In this mode, the Spark computations and in-memory data store run colocated in the same JVM. This is an out-of-the-box configuration and suitable for most of the real-time production environments in TIBCO ComputeDB. You can launch TIBCO ComputeDB servers to bootstrap any data from disk, replicas, or external data sources. Spark executors are dynamically launched when the first Spark Job arrives.

Some of the advantages of this mode are:

  • High performance: All your Spark applications access the table data locally, in-process. The query engine accesses all the data locally by reference and avoids copying which can be very expensive when working with large volumes.

  • Driver High Availability: When Spark jobs are submitted, they can now run in an HA configuration. The submitted job becomes visible to a redundant “lead” node that prevents the executors from going down when the Spark driver fails. Any submitted Spark job continues to run as long as there is at least one “lead” node running.

  • Less complex: There is only a single cluster to start, monitor, debug and tune.

Embedded Mode

In this mode, one can write Spark programs using jobs.
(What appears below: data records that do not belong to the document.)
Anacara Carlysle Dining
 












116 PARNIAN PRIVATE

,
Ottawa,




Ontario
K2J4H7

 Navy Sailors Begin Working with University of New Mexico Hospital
For more details, refer to Snappy Jobs section.

Example: Submit a Spark Job to the TIBCO ComputeDB Cluster

./bin/snappy-job.sh submit --app-name JsonApp --class org.apache.spark.examples.snappydata.WorkingWithJson --app-jar examples/jars/quickstart.jar --lead [leadHost:port] --conf json_resource_folder=../../quickstart/src/main/resources

Also, you can use SnappySQL to create and query tables.

You can either start TIBCO ComputeDB cluster members using the snappy-start-all.sh script or you can start them individually.

Having the Spark computation embedded in the same JVM allows us to do several optimizations at the query planning level. For example:

  • If the join expression matches the partitioning scheme of tables, a partition to partition join instead of a shuffle based join is done.
    Moreover, if two tables are colocated (while defining the tables) costly data movement can be avoided.

  • For replicated tables, that are present in all the data nodes, a simple local join (local lookup) is done instead of a broadcast join.

  • Similarly inserts to tables groups rows according to table partitioning keys, and route to the JVM hosting the partition. This results in a higher ingestion rate.